**SUPPLIED INFORMATION:**

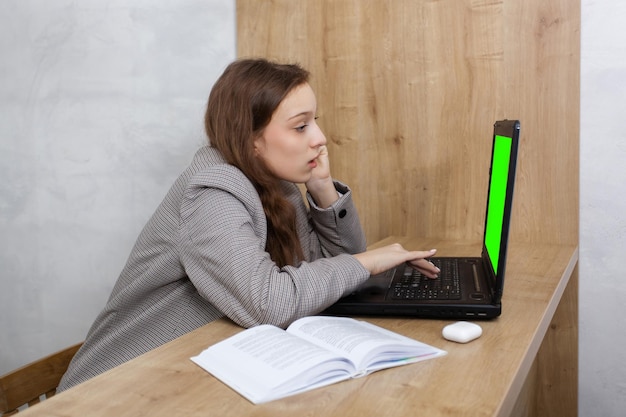 Close up portrait of a young woman looking at laptop doing her work on the distance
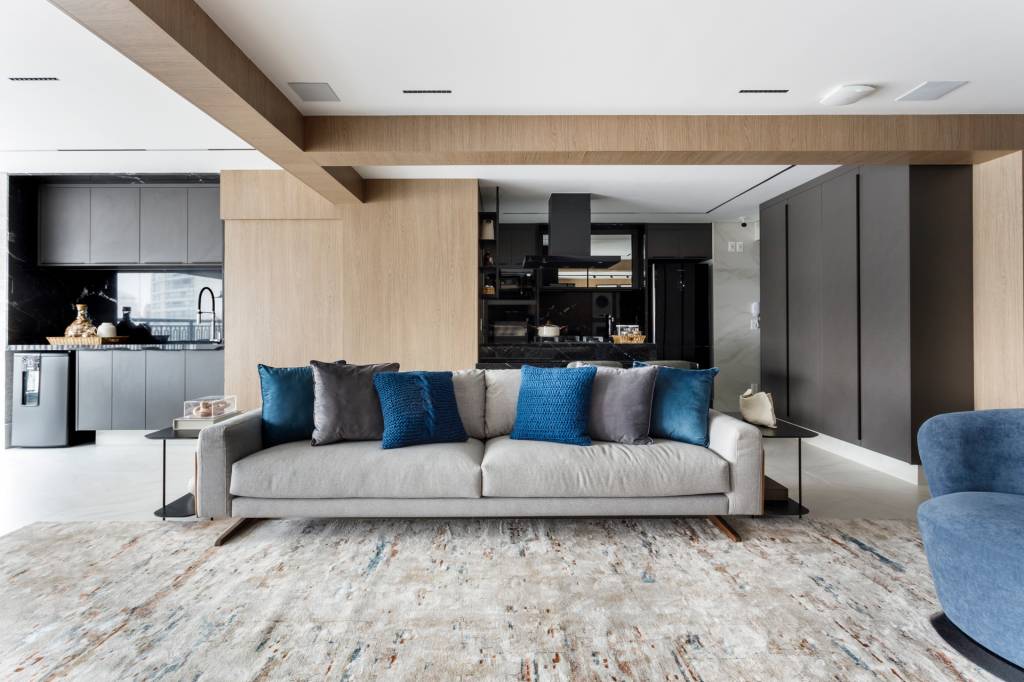 Apê de 147 m² tem dois escritórios — um deles na varanda! Projeto de Aline Lopes. Living com sofá cinza.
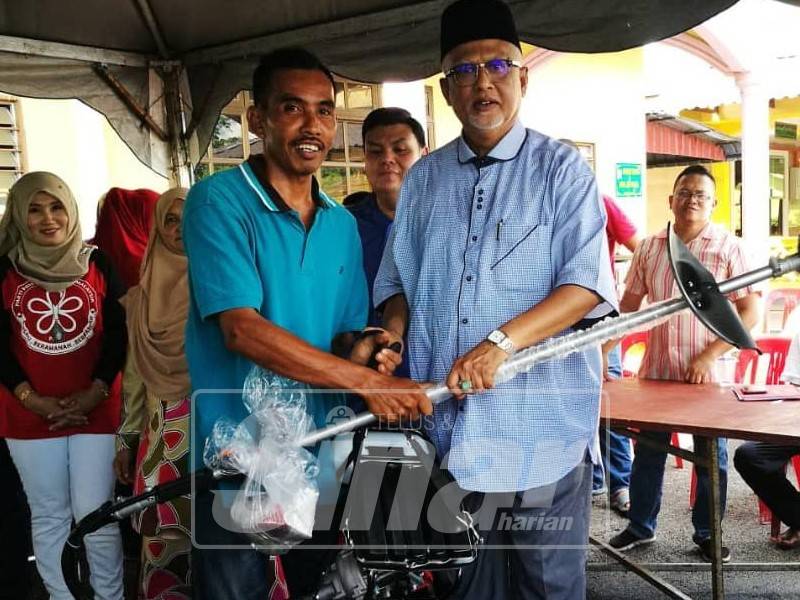 Mahfuz (tengah) menyerahkan sumbangan mesin pemotong rumput kepada penerima Dun Bukit Lada.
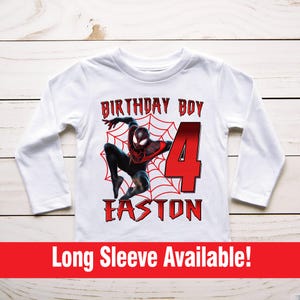 Op de afbeelding: Een wit shirt met lange mouwen met een rode en zwarte Spider-Man afbeelding, de tekst "Birthday Boy" en het nummer "4" in rood. De naam "Easton" staat in rood onder het nummer. De tekst "Long Sleeve Available!" staat in rood onderaan de afbeelding.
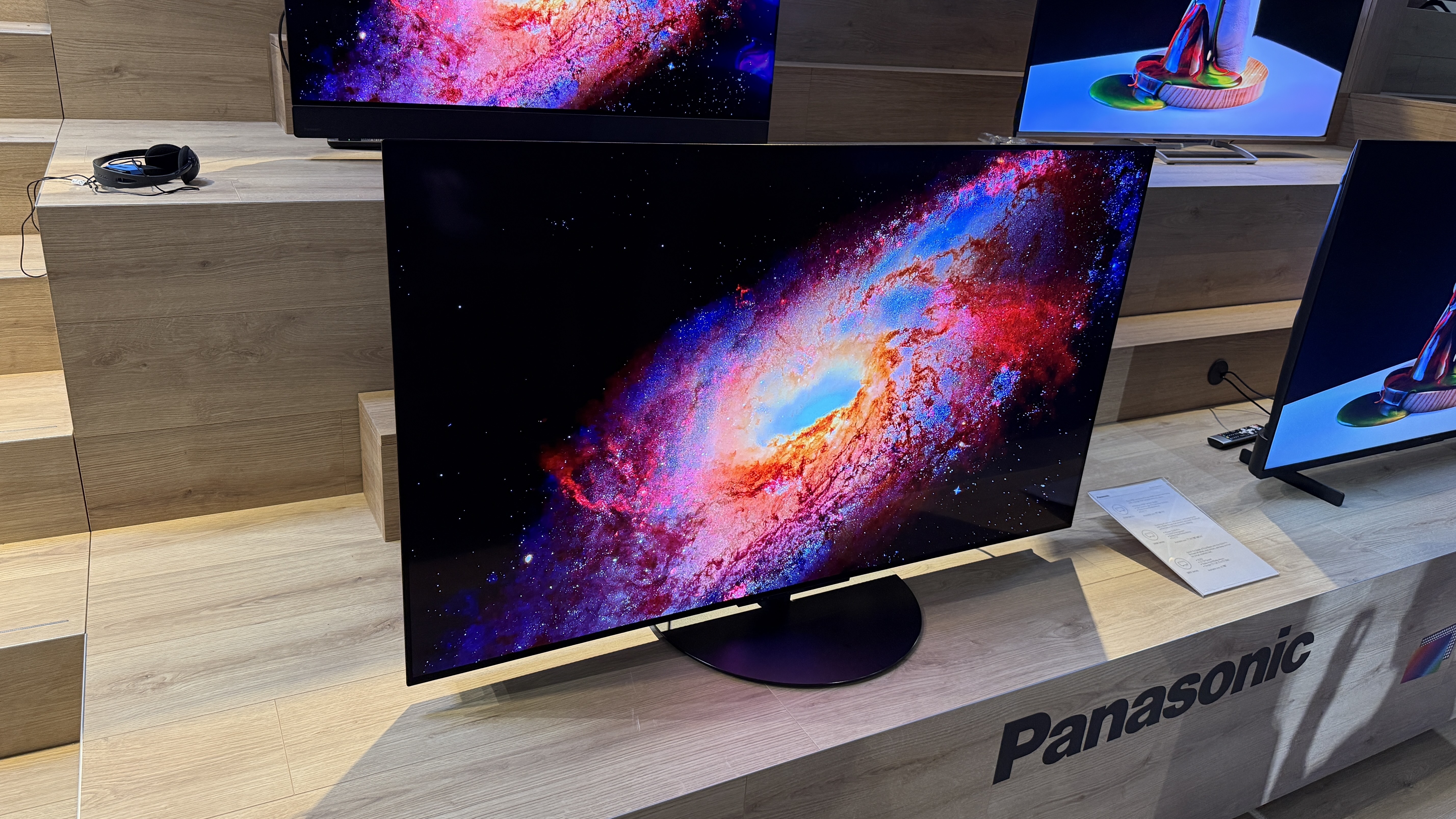 The Panasonic Z86C showing a colorful galaxy against the deep background of space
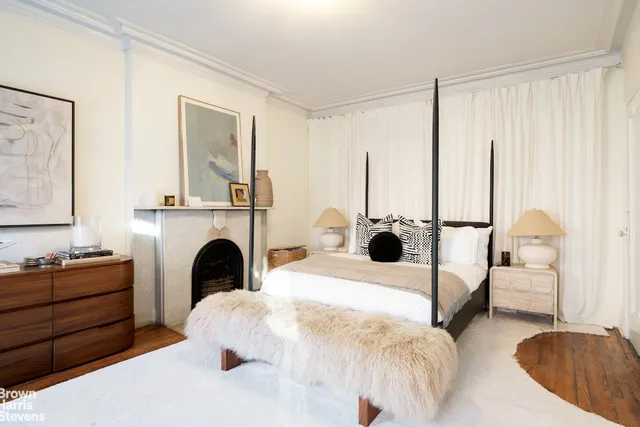 a living room with a large bed and a fireplace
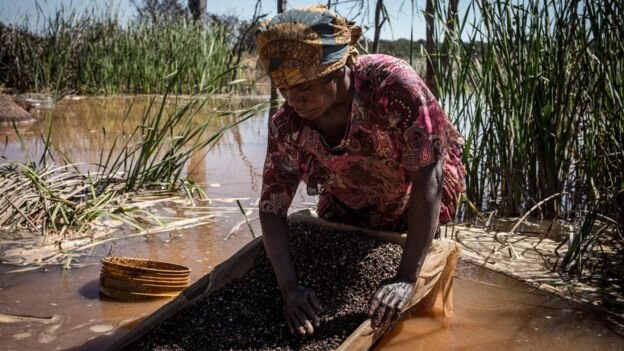Женщина отделяет кобальт от грязи и скал вблизи шахты в Демократической Республике Конго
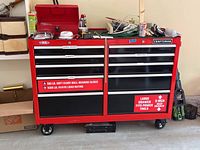 Front view of the red and black two-piece tool chest with drawers, wheels, and lock cylinder visible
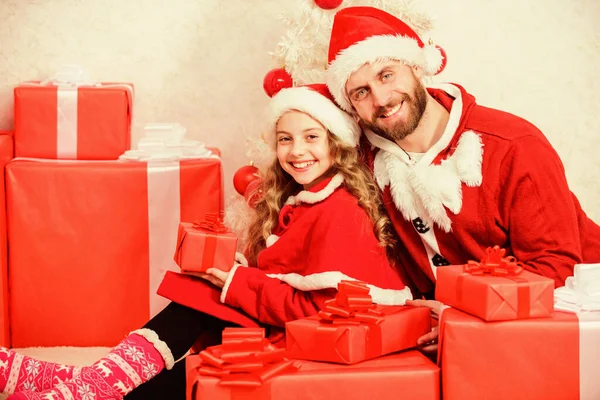 Feliz infancia. Vacaciones familiares de Navidad. Haz que tus vacaciones infantiles sean especiales este año. Concepto de Papá Noel. Regalo de Navidad para niño. papá en traje de santa dar regalo a hija lindo niño — Foto de Stock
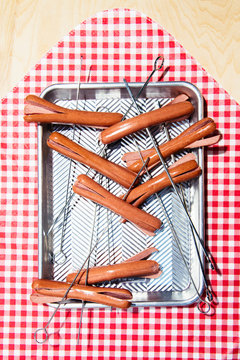 Skewered Hot Dogs on Red and White Picnic Blanket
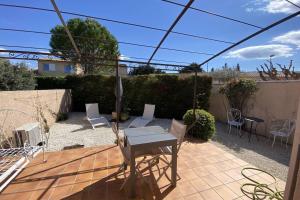 a patio with a table and chairs in a backyard at At Tinou's spacious quiet house with garden for 2 people in LʼIsle-sur-la-Sorgue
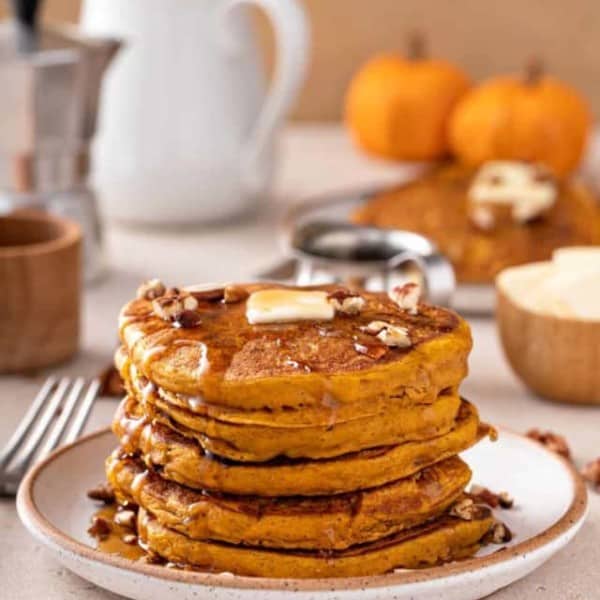 White plate with a stack of pumpkin pancakes topped with butter and maple syrup.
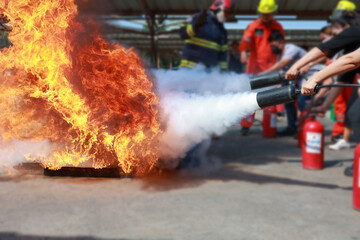 Employees firefighting training, Concept Employees hand using fire extinguisher fighting fire...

**WHAT YOU SHOULD DO:** Skip every picture, and restate word for word only the lines above from the line containing "Женщина отделяет кобальт" to the line containing "Front view of", both of them included.

**SOLUTION TO THIS EXERCISE:**
Женщина отделяет кобальт от грязи и скал вблизи шахты в Демократической Республике Конго
 Front view of the red and black two-piece tool chest with drawers, wheels, and lock cylinder visible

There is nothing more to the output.